- Ghanaian release poster
- Directed by: Frank Rajah Arase
- Screenplay by: Pascal Amanfo
- Story by: Frank Rajah Arase
- Produced by: Frank Rajah Arase
- Starring: Majid Michel; John Dumelo; Prince David Osei; Yvonne Nelson; Martha Ankomah; Kofi Adjorlolo; Jackie Appiah; Nadia Buari;
- Cinematography: Adam Umar
- Music by: Okyeama Qouphi
- Production companies: Heroes Films Raj Films Henrikesim Multimedia Concept
- Distributed by: Henrikesim Multimedia Concept
- Release date: 2009;
- Countries: Ghana Nigeria
- Language: English

= Heart of Men =

2009 film by Frank Rajah Arase

Heart of Men (Reissued in Nollywood as Forbidden Fruit by Henrikesim Multimedia Concept for International distribution) is a 2009 Ghanaian Nigerian thriller film produced & directed by Frank Rajah Arase, and starring Majid Michel, John Dumelo, Prince David Osei and Yvonne Nelson.
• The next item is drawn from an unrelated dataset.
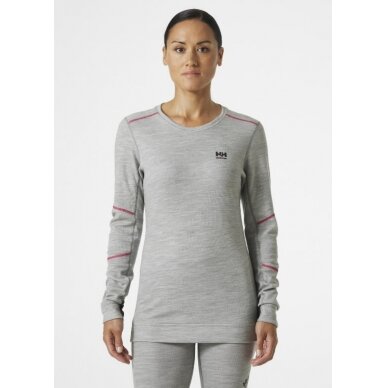 Apatiniai marškinėliai LIFA MERINO CREWNECK, moteriški, pilka XL, Helly Hansen WorkWear 1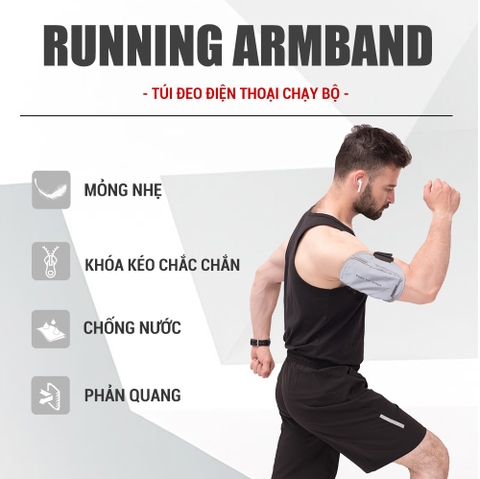 Túi đeo điện thoại chạy bộ Armband GF201RA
It received five nominations at the 6th Africa Movie Academy Awards.

==Cast==
- Majid Michel as Richie
- John Dumelo as Kay
- Prince David Osei as Ray
- Yvonne Nelson as Tracy
- Martha Ankomah as Diana
- Kofi Adjorlolo as Bernard
- Gavivina Tamakloe as Officer
- Nadia Buari as Sylvia
- Luckie Lawson as Alicie
- Jackie Appiah as Whitney
- Jackie Appiah as Adline

== Reception ==
The film was generally criticized for promoting nudity in films and introducing soft porn to Nigerian and Ghanaian home videos.

It is rated 3 out of 5 stars on Nollywood Reinvented who praised the quality, setting and musical score, but found the plot too complex and the sex scenes overdone.